Salt: A World History Summary & Study Guide includes comprehensive information and analysis to help you understand the book. This study guide contains the following sections:

This detailed literature summary also contains Topics for Discussion and a Free Quiz on Salt: A World History by Mark Kurlansky.

Salt is the history of the world told from the point of view of the only rock that we eat, which is salt. The scope of this book is epic in that it starts at the beginning of recorded world history and ends at roughly present day times.

The first several chapters in the first section of the book deal with the procurement and use of salt in the ancient world. The Chinese and the Egyptians were the first to use salt on a large scale. The Egyptians collected evaporated salt from the sea and the Nile and they used the salt in their food as well as an essential ingredient in preserving the body during mummification. The Chinese used evaporated salt to salt fish and to create a condiment that we still use, soy sauce. It was the Romans though, with their fish based diet that really used salt extensively in their cuisine. One of the most popular Roman sauces, garum, was made from fermented fish in a brine sauce. They used this sauce on everything and salt became an important resource. Our words "salary" and "salad" are both derived from Latin words. Sometimes Roman soldiers were paid in salt, hence "salary" and a "salad" is a collection of vegetables that is doused in a brine sauce before eating.

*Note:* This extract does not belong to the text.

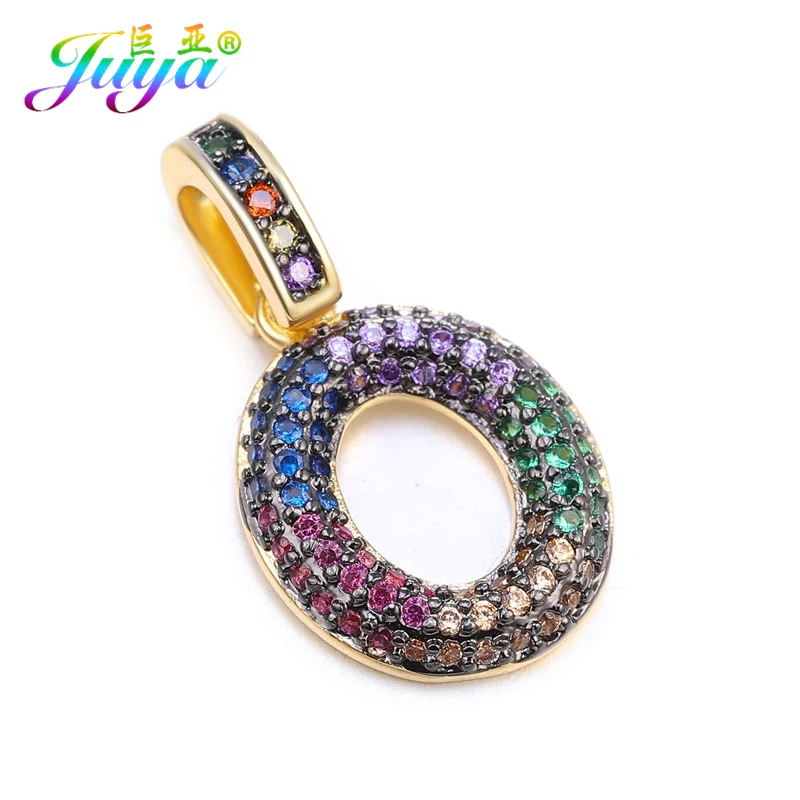 Gold O Juya DIY шнур кожаный вывод многоцветный Циркон с радужным блеском золото 26 буквы алфавита кулоны с надписями поставки - Окраска металла: Gold O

The next several chapters deal with the importance of salt in Christian Europe during the middle Ages and into the Early Modern period. Salt was important to the early Gauls and Celts who lived in Europe before the Roman conquests and these people found and worked elaborate salt mines. In Catholic Europe, the church had placed certain dietary restriction forbidding meat on Fridays and church holidays. This created an enormous market for fish. Before refrigeration, the only way to package and transport fish was through salting. Cod, the perfect fish for salting, was discovered around this time and became an enormous culinary hit in Europe. The cod trade powered the English and northern European economies and it was the search for cod that eventually led explorers to North America.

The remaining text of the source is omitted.